Das würde schon ein paar Keise ziehen. Ich möchte das nicht konsistent programmieren müssen.


----------



## Ralle (7 August 2007)

Markus schrieb:


> und diese bekifften idioten halten sich für toll weil eine textliste ein niedrigwertiges bit auslesen kann? wie kommt man überhaup darauf?!



Die Antwort hast du selbst gegeben, KIFFEN !


----------



## rs-plc-aa (8 August 2007)

Lipperlandstern schrieb:


> nunja..... dann warten wir mal alle was das so bringt UND auf den ersten Servicepack


 
Was es "bringt":

http://support.automation.siemens.c...lib.csinfo&lang=de&objid=26169252&caller=view

und

http://support.automation.siemens.com/dnl/TAzNTkyNQAA_26169252_Akt/WCF07WhatsNewdeDE.pdf

so viel zur Theorie...
*
Servicepack ? - Wird sicher noch "ein Weilchen" dauern (Da sind die Intervalle relativ fix)

Falls doch recht schnell was auftauchen sollte kommt erst mal ein Hotfix...
*
Auch würde ich unmittelbar nach der Installation das Teil "auf Herz und Nieren" testen mit allem was man dem Ding so antun kann - denn je früher man merkt daß es einen für sich inakzeptablen Bug im Vergleich zur Vorversion hat um so glimpflicher verläuft der vorläufige Rückzug zur Vorversion (natürlich mit dem VORHER gemachten Image, denn durch Deinstallation wird nachher höchstwahrscheinlich gar nix mehr gehen).
*
Zum Thema Lizenzupgrade im Falle der RT:
War das nicht von 2004 -> 2005 schon genau so ? und wie habt ihr´s da praktiziert? (kann da jetzt nicht viel zu sagen da ich bisher noch keine RT gemacht habe aber bei den Panels ging das Hochrüsten immer problemlos ohne zusatz(lizenz-)kosten. Es war einfach ein neues Image (z.B. 1.1.0 statt 1.0.0)
*
@Markus:
Du musst dir bei einem Messebesuch (falls du mal in den Genuss kommst) den jeweiligen Produktmanager "krallen" und Ihm das eintrichtern -> das ist der einzige und schnellste weg daß solche "Gebete" vielleicht erhört werden. Die haben i.d.R. ein offenes Ohr für so was und den direktesten Draht zur Entwicklung... 

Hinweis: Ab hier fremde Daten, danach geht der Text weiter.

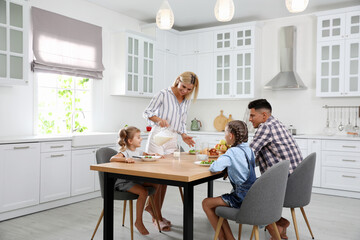 Happy family having breakfast together at table in modern kitchen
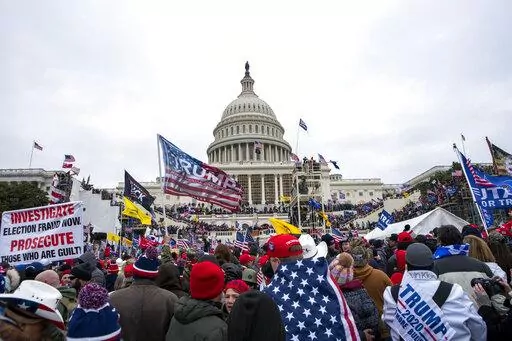 Rioters loyal to President Donald Trump rally at the U.S. Capitol in Washington on Jan. 6, 2021. The House committee investigating the Jan. 6 attack on the U.S. Capitol has scheduled its next hearing for Oct. 13, 2022, pushing the investigation back into the limelight less than three weeks before the midterm election that will determine control of Congress. (AP Photo/Jose Luis Magana, File)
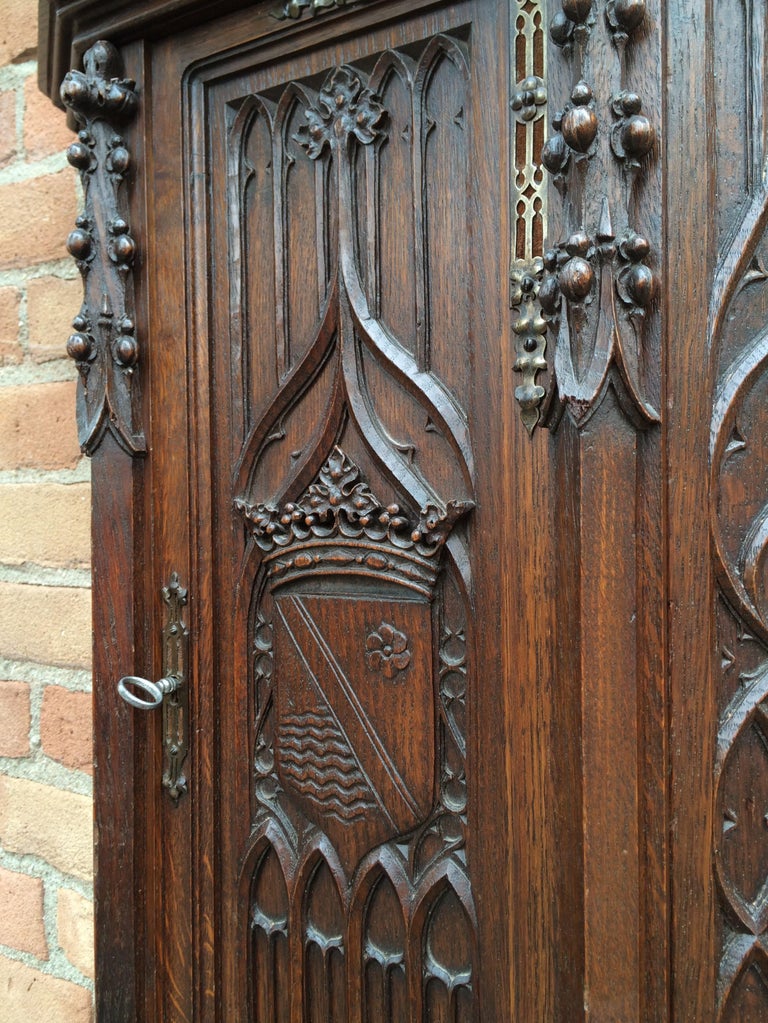 Antique Gothic Revival Wall and Key Cabinet W. Hand Carved Church Windows and Guard at 1stdibs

Über die Hotline geht da nichts - ausser vielleicht wenn 100 anrufen und exakt das selbe wollen, dann merkt auch der langsam daß er mal eine Notiz machen sollte... (geht aber dann immer noch über zu viele Ecken)
*
@Volker:
falls mehrere Bits in der Variable gleichzeitig gesetzt sind nimmt es autom. das niedrigste... / wenn gar keins gesetzt ist kannst du einen Default einstellen (wobei das vorher doch auch schon ging - also nicht wirklich neu)
*
@IBFS:
hmm...
*
@Ralle:
war ja klar...  

BTW: Der wär´s gewesen: :sc7: 
oder aber durch::sm19:


----------



## Onkel Dagobert (8 August 2007)

Hallo Jesper M. Pedersen,



JesperMP schrieb:


> Genau darin liegt ein problem. Man kann in alte versionen abspeichern aber nicht compilieren. Also, alle lizensen müssen hochgerüstet werden, oder man muss ein PC mit WinCC Flex 2005 (oder 2004) haben.


 
Was stimmt den nun? Seeba's Erklärung war einleuchtend und "normal-normal". Deine ist dann wohl "siemens-normal"?


Und , zum Teufel, woher weisst du das?


Gruß, Onkel


----------



## seeba (8 August 2007)

Siemens-normal leider... :-( Hab's gerade probiert. Man kann zwar so tun als würd' man für die alten Runtimes projektieren, aber generieren geht dann echt nicht.


----------



## rs-plc-aa (8 August 2007)

Onkel Dagobert schrieb:


> Hallo Jesper M. Pedersen,
> 
> 
> 
> ...


 
Also in der Mall (wo du die RT Lizenz bestellen kannst) steht z.B. :

6AV6613-1BA01-1CA0 ... WINCC FLEXIBLE 2005 RUNTIME 128 POWERTAGS RUNTIME-SW, SINGLE LICENSE SW UND DOKUMENTATION AUF CD LIZENZSCHLUESSEL AUF FD ABLAUF UNTER WIN2000/XPPROF ... EUR 

D.h. daß die RT Lizenz an die V2005 gekoppelt ist.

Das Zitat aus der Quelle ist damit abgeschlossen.